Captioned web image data
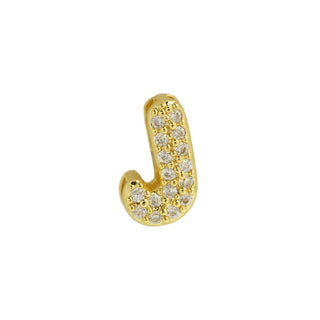 Cz Mini Bubble Initial Custom Word Letter & Number Charms
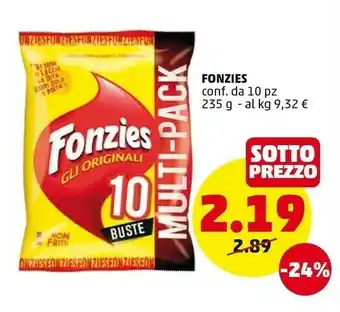 PENNY Mondelez Fonzies Gli Originali 235 G(ml) offerta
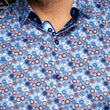 Load image into Gallery viewer, CHEMISE | CLOUDSPIN, Blue Mutli - AU NOIR
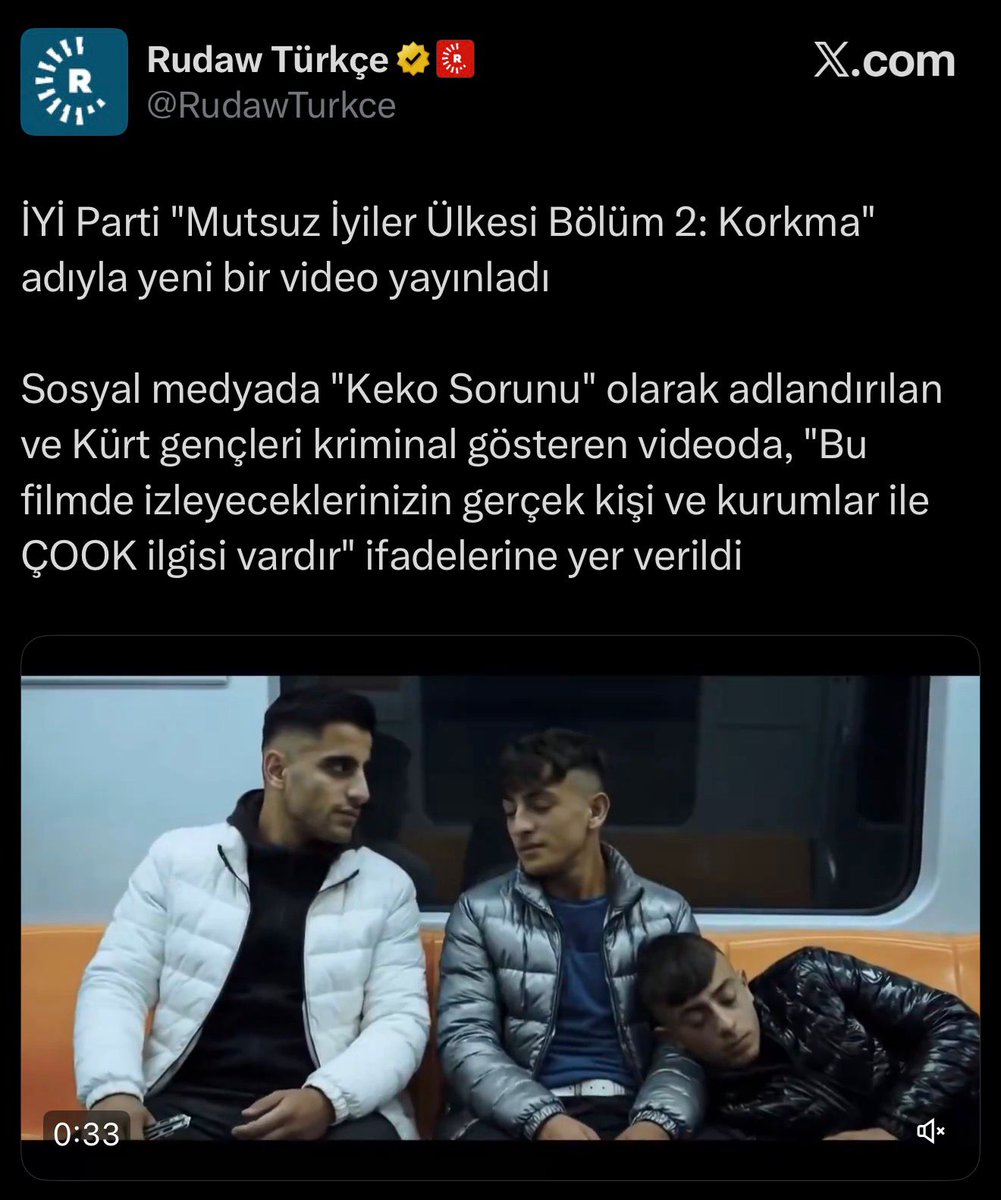 Rudaw, sokaklarda gasp, taciz/tecavüz yapan ve cinayet işleyen serserilerin Kürt olduğunu yazdı.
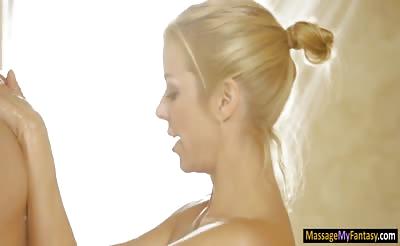 Busty blonde milf masseuse Alexis Fawx pounded real hard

**EXERCISE PROMPT**
All that belongs in the answer is the lines from the line with "PENNY Mondelez Fonzies" through the closing line of the entries, inclusive, transcribed exactly and free of pictures.

**YOUR SOLUTION**
 PENNY Mondelez Fonzies Gli Originali 235 G(ml) offerta
 Load image into Gallery viewer, CHEMISE | CLOUDSPIN, Blue Mutli - AU NOIR
 Rudaw, sokaklarda gasp, taciz/tecavüz yapan ve cinayet işleyen serserilerin Kürt olduğunu yazdı.
 Busty blonde milf masseuse Alexis Fawx pounded real hard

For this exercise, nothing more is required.